Triotech looks ahead
“As with everyone in the industry, we were affected by COVID,” says Yale. “But we decided to keep our team working to invest in new products. We’ve developed two new products which we will be announcing later this year.
“I’m very positive for the outcome of our industry. We’re very positive about what’s going to happen in 2023 to 2023 – we’re booking projects right now for 2023 and even some for 2024.”
“The movement right now is that people are more open to trying new things. There’s going to be fewer big projects in the next 12 to 24 months because of the lack of cash flow. So, people are more open to things like dark rides or media attractions. And we’re glad that we’re able to prove that these attractions are compelling and do bring people to the park.”

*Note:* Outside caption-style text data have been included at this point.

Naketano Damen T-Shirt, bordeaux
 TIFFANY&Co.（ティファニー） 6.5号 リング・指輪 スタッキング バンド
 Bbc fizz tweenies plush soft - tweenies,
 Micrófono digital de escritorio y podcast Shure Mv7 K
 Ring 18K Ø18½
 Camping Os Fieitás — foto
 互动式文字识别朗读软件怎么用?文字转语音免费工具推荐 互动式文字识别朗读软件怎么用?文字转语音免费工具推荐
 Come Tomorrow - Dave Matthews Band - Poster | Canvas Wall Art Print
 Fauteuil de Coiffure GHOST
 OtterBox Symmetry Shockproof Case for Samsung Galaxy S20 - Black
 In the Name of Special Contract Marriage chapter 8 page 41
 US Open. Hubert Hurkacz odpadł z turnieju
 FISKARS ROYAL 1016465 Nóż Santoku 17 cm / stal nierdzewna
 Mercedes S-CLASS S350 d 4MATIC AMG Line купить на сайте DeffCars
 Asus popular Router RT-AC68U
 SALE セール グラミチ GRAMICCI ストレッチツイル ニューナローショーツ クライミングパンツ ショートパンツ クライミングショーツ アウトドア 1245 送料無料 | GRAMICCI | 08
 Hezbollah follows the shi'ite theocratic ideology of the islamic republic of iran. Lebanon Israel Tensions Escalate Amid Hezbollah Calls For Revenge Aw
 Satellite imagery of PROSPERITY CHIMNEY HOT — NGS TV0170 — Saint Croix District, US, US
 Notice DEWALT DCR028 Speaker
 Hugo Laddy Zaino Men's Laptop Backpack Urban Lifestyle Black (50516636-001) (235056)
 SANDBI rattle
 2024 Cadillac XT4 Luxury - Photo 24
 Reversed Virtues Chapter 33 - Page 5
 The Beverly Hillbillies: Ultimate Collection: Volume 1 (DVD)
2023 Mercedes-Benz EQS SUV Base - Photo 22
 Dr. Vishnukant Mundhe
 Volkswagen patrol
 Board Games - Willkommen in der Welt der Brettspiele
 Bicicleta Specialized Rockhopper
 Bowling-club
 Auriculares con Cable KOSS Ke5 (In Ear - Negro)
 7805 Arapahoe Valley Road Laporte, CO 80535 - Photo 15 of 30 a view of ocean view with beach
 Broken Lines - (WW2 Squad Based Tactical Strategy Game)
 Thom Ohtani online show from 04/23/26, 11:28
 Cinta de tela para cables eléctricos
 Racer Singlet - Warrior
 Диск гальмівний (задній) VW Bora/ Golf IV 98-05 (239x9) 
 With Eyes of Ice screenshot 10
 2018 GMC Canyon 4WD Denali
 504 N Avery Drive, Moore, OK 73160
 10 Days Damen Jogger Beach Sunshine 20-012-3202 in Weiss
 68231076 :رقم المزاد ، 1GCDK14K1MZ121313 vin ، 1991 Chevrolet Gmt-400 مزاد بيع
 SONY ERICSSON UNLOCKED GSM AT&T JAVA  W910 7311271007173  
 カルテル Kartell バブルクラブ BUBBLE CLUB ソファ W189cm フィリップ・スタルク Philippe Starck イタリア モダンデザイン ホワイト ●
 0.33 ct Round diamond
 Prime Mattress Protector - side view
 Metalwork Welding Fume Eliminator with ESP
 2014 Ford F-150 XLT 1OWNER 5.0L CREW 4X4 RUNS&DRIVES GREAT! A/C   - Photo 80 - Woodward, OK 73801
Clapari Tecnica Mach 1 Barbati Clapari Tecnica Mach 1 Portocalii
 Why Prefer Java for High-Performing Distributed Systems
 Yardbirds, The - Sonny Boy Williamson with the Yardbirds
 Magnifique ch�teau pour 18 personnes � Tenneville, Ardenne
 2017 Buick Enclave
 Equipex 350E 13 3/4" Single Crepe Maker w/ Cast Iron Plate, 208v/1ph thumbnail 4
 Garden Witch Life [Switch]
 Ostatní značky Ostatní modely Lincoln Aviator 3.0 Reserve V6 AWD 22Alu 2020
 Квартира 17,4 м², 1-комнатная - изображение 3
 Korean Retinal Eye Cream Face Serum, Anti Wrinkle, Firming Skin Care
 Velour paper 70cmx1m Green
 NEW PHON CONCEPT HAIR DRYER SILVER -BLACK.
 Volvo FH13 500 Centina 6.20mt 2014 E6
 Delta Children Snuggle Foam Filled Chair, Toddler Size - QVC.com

A bright future for Knott’s Berry Farm
Knott’s Berry Farm opens to the public on 21 May, giving visitors a chance to experience Knott’s Bear-y Tales for the first time. Looking ahead to the future, Gahagan says:
“We’re always looking at our five-year plan, our 10-year plan, we’re always adjusting. Because of COVID and the economy hurting last year, we’ve taken a step back. But we have a lot of capital investments that we’re working on moving forward. Our seasons of fun, such as Knott’s Scary Farm, will also return this year.”
“We’re kicking off our 100th-anniversary celebrations on Friday. And I think our guests are going to be blown away.”